A search algorithm is a step-by-step procedure that aims to filter out specific data from a large amount of data and locate that data. This process is a classic procedure in EDP, i.e. electronic data processing. A distinction is generally made between simple and heuristic search procedures. The search algorithms use a search key to go through the steps of the procedure. 

The result of the procedure is usually a success or error status, which is specified as a Boolean true / false. How efficient such a search algorithm is depends mainly on what data is used and in what way the data is used. The The most basic form of search algorithm is the linear search algorithm.. However, there are very different forms of search algorithms, which differ, for example, by the type and the Search efficiency distinguish. 

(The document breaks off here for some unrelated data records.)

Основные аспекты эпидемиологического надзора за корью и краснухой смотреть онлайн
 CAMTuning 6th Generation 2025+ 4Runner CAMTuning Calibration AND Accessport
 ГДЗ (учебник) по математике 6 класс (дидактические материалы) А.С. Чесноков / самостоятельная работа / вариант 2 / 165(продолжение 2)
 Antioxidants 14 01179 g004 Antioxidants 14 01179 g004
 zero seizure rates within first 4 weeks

What are types of search algorithms?

Simple search algorithm

One form of search algorithms are the simple search algorithms. These neglect the specific nature of the underlying problem and can therefore be implemented in a more abstract way. This means that they can be used for a wide range of problems. This is the advantage of simple search algorithms. A disadvantage is that the cost-benefit ratio is usually rather low and the search is costly and time-consuming. 

One form of the simple search algorithms is the Search in lists. With this type of search algorithm, the aim of the search is to find a specific element in a list. The corresponding search key of this element must be known. This problem occurs very often in computer science, so this form of algorithm is very well studied.

Another possibility for a simple search is the so-called Search in treeswhich is also considered the supreme discipline of search algorithms. In this type of search, nodes of trees are searched, regardless of whether the tree to be examined is explicit or implicit.

Heuristic search algorithm

Besides the simple search algorithms, there are also the heuristic search algorithms. As Heuristics are strategies that can speed up the process of finding solutions to a particular problem. An example of such heuristics are rules of thumb, human problem-solving processes or orientation to examples and role models. Heuristic search algorithms are divided into uninformed, or blind search, and informed, i.e. the use of heuristics. 

The development and subsequent implementation of new procedures and the application to the most diverse problem areas will also become the algorithmic core of the artificial intelligence counted. This includes, among other things, the control of Robots or also classic parlour games, i.e. zero-sum games with complete information, such as chess, Go or lady. 

The heuristic search algorithms are mainly used when an algorithm is too complex and computationally intensive. Among other things, errors are also tolerated if the computing time is reduced and the search process is more efficient overall. 

Other search methods

In addition to the simple and heuristic search algorithms, there are a number of other search methods that can be used to locate data. These include evolutionary algorithms, Search method for strings or for example the Adversarial Searchwhich is mainly used in the field of artificial intelligence. Most of the time, the efficiency and performance of the different search methods is very similar. Differences can mainly be seen when a procedure is applied to a special class of problems.